Quel gesto si ripete puntuale – “al massimo entro mezzogiorno, quando è l’ora di rientrare a casa per il pranzo” – da ottantacinque anni. Sembra una leggenda. Quasi la nitida trasposizione del romanzo che nel 1954 valse ad Hemingway il Nobel per la letteratura. Al posto di una povera capanna, immaginata dallo scrittore americano nel suo capolavoro, c’è però un moderno circolo nautico. Il “vecchio” che ogni giorno scruta l’orizzonte, lungo il molo di Ponente in zona porto, invece non ha un nome esotico. Non è Santiago. Ma proprio come lui, che vive solo nelle pagine immortali di un capolavoro, porterà per sempre “rispetto al mare. E’ la mia vita”. Arso Aurelio Pantaleone è il più antico pescatore di Torre Annunziata. Oggi ha 95 anni. Più che un umile “operaio del mare” è un modello da seguire. Una specie di incrollabile mito. In città o al porto lo conoscono tutti.

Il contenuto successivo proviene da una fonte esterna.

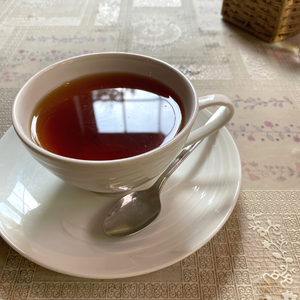 房総半島の内房エリアに位置する千葉県君津市にある静かな森の中に佇む隠れ家的ガーデン＆ドッグカフェ「シヴェルニー」さんの紅茶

Basta chiedere di “Zì Peppe”. E da subito, quasi per incanto, si apre un fantastico e ideale scrigno dei ricordi. Racconti di vita semplici e schietti. Pure crudi. Tutti hanno ancora il profumo di mare. “Aspetta un attimo, Zì Peppe sta arrivando. Doveva andare dal dottore. Stai sicuro che entro mezzogiorno arriva” ci dicono i suoi nipoti pescatori, Giuseppe e Felice Farfalla, mentre cerchiamo di scrutare la snella sagoma di Zì Peppe lungo il molo. E lui, poco prima che le campane di un’antica chiesa, quella del Carmine, riflettendosi al solito nell’acqua segnalino l’ora del saluto al mare, arriva come sempre al porto. “Sedetevi Zì Peppe. Ci sono un caffè e un giornalista che vi stanno aspettando” lo avverte suo nipote Giuseppe. Il vecchio pescatore di Torre Annunziata non si scompone. Prende una sedia, beve il caffè. Poi inizia a raccontare. “Il mare è la mia vita. Da ottantacinque anni. Ne avevo dieci quando mio padre, si chiamava Felice, mi portò per la prima volta qui al porto. Dovevo imparare bene a cucire le reti per farlo pescare”.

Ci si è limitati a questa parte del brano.